▶ _Dataset extract_:
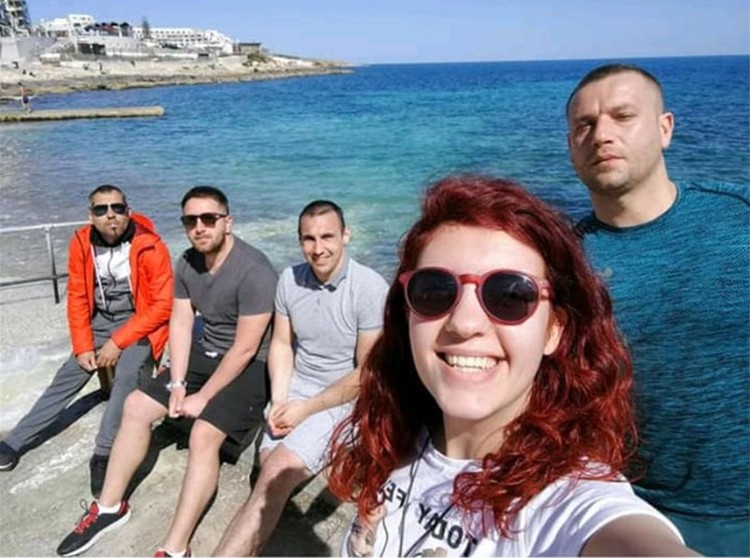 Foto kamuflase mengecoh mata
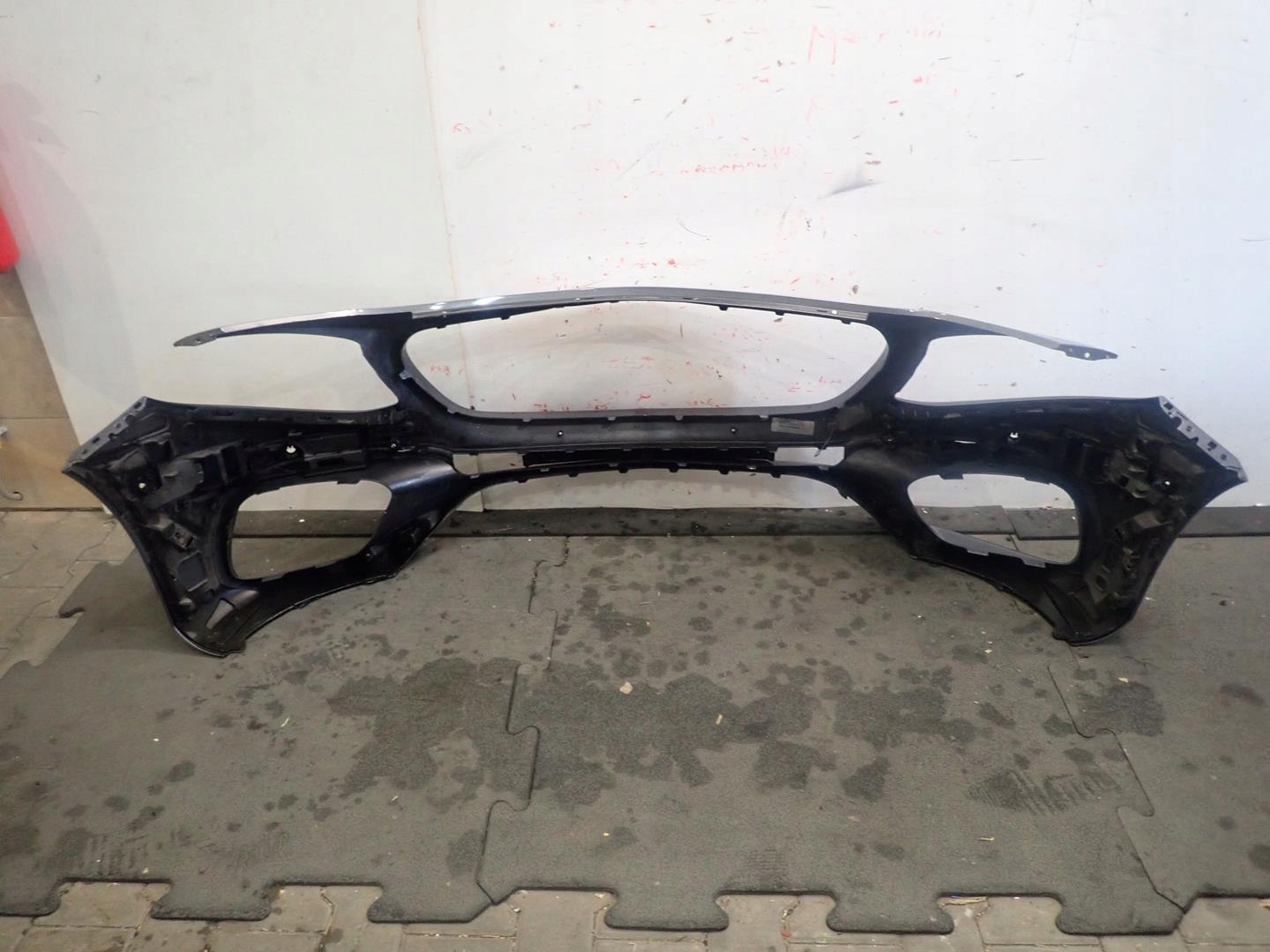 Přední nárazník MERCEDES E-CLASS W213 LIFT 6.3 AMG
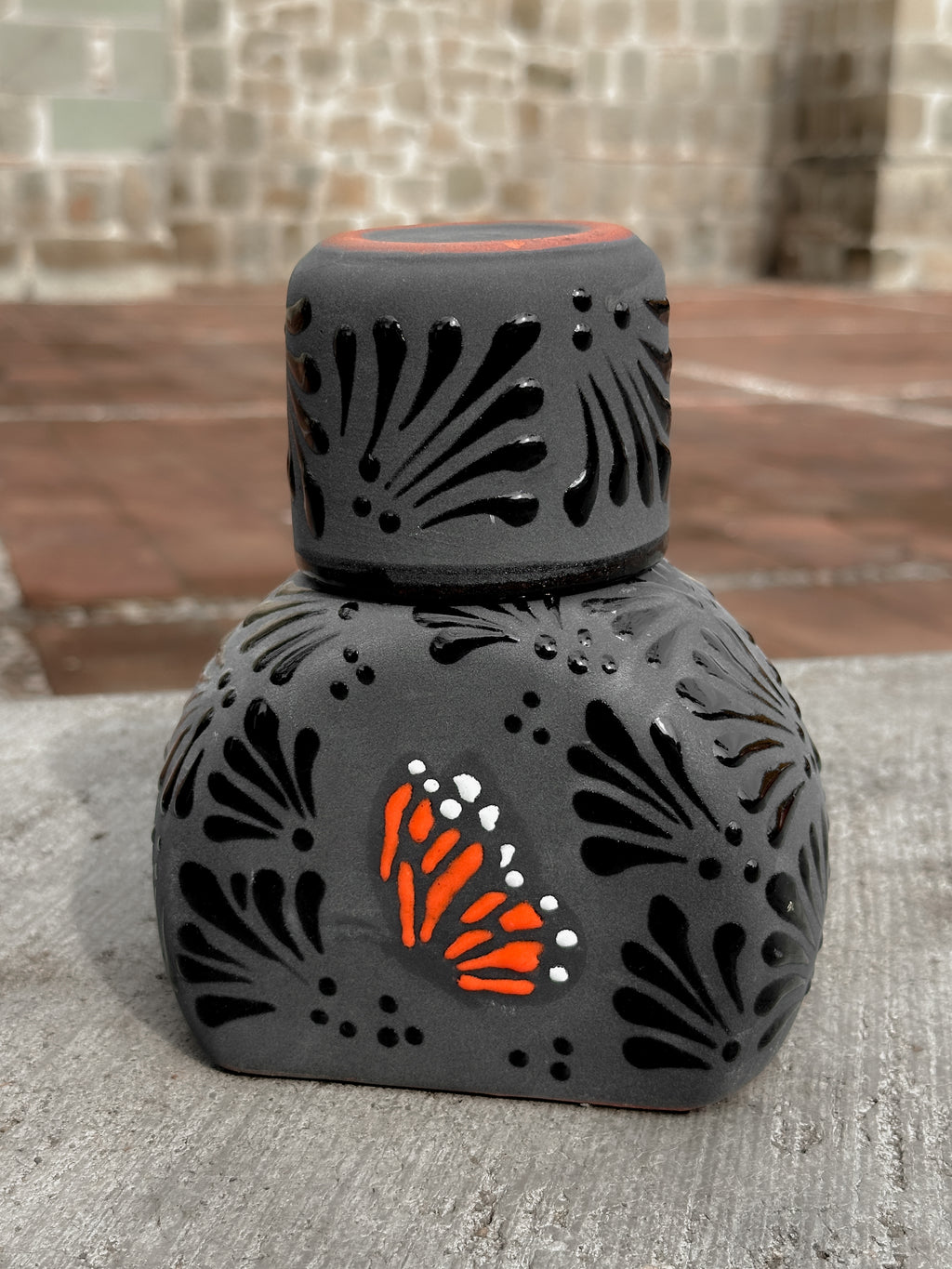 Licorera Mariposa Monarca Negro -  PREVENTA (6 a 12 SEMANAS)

▶ _Your goal_: The material above should be repeated word for word, with every picture omitted.

▶ _Answer section_:
 Foto kamuflase mengecoh mata
 Přední nárazník MERCEDES E-CLASS W213 LIFT 6.3 AMG
 Licorera Mariposa Monarca Negro -  PREVENTA (6 a 12 SEMANAS)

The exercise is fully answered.